Or do NYC cops just shoot you first ??…:-)
Maybe. Feeling lucky?
This reminds me of a COPS show that had them on prostitution busts.
They had taped a woman stripped down to just her panties and then proceeded to put her under arrest.
But the woman keeps saying you know me, to the officers. So obviously they busted on of their ‘regulars’ for the sake of the show.
But then they take her to a back room still in a state of undress and are trying to get cuffs on her, while she protests to get dressed.
As the camera come back to that room to record the commotion, the cops suddenly realize they are on national TV and THEN relent and let her get dressed.
WOW, now there was a eye opening show. And you always have to wonder after that what happens when there isn’t a film crew there.

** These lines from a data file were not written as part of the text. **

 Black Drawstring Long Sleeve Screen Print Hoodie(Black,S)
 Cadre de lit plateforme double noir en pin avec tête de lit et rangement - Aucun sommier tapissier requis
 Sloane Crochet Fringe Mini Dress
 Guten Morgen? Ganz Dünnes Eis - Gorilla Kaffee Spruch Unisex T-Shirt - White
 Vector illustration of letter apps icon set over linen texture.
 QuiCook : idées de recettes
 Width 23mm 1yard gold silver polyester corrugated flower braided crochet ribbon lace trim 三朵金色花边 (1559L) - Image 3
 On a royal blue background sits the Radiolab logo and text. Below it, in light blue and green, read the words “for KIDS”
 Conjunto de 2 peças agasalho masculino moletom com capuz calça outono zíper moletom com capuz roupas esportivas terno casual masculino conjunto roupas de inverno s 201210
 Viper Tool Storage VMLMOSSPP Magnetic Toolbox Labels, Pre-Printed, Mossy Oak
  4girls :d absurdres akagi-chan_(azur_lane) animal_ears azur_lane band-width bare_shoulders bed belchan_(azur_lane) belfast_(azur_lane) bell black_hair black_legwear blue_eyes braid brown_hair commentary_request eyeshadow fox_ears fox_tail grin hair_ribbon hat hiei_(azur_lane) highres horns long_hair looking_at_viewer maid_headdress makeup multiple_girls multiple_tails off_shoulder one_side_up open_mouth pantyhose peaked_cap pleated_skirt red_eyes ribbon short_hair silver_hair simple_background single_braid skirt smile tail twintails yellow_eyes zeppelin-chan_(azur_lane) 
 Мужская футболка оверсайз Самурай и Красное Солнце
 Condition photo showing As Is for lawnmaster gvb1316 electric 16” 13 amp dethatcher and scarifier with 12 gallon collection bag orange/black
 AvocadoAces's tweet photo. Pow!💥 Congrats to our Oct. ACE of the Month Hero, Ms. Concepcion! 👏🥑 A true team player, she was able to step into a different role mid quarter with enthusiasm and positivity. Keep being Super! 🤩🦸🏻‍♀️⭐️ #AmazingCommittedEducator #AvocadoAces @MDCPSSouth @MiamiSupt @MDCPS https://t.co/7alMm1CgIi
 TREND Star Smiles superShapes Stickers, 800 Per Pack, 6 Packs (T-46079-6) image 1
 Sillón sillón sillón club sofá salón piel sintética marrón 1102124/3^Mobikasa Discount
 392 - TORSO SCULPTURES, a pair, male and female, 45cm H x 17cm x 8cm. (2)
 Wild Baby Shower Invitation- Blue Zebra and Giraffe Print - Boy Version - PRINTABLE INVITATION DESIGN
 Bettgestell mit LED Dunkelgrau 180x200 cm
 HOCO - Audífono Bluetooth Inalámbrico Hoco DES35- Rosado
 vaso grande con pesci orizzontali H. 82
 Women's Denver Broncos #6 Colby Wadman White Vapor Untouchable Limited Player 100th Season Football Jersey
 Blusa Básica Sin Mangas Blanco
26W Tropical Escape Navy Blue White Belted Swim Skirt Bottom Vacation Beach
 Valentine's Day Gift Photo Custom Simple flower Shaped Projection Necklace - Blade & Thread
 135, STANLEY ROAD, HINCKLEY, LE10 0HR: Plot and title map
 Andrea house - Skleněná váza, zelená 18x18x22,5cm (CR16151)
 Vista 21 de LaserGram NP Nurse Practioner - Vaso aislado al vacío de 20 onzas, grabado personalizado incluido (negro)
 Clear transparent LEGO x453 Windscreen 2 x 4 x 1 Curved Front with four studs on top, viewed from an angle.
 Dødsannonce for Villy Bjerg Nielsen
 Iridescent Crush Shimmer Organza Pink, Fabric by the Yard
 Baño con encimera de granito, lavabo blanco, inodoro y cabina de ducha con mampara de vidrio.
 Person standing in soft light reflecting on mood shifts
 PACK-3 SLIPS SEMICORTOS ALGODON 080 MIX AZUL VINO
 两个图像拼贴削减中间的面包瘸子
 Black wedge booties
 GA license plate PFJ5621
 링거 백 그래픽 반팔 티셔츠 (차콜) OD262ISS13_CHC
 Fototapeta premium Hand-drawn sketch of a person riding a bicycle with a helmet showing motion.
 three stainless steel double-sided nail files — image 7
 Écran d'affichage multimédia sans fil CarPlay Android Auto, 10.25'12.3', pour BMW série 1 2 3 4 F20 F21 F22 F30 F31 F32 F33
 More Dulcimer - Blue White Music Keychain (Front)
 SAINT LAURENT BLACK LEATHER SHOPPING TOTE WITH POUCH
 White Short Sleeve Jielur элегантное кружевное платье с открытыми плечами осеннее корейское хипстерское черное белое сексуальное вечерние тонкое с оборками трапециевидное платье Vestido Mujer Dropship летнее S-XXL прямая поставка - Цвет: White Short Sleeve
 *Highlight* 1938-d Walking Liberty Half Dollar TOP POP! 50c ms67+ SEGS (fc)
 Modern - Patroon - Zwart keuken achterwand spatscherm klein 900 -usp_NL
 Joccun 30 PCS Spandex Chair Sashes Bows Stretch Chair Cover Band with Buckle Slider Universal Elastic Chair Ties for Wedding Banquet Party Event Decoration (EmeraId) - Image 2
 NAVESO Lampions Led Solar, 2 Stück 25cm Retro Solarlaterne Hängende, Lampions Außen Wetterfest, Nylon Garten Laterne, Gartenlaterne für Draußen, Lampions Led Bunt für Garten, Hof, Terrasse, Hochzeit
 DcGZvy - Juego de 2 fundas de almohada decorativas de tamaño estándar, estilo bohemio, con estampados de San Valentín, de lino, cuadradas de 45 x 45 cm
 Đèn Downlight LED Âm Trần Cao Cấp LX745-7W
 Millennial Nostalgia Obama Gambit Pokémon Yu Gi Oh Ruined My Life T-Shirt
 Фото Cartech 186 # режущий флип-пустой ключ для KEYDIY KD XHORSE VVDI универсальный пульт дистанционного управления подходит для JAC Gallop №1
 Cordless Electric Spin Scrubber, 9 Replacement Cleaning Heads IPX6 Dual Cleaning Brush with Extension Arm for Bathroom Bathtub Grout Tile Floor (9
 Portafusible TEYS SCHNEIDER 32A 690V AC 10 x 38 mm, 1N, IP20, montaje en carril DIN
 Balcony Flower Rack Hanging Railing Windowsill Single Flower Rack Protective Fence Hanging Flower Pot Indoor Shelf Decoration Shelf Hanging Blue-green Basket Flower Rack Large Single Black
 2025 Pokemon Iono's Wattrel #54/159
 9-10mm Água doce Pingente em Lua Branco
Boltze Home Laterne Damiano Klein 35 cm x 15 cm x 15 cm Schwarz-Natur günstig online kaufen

The thing that makes it the biggest problem for us here in Aus, is that we don’t have a bill of rights. We don’t have anything that tells the Government when to stop… We have a couple of “implied” rights – such as the implied right to freedom of political communication and an implied right to legal equality – but that’s about it. The High Court even found in 1983 that there is no constitutional right to vote. Photography could be made a crime in Australia tomorrow, and there’s nothing we could do about it.
We don’t even have the right of free speech in this country – you can be arrested and charged for saying almost anything if someone doesn’t like it.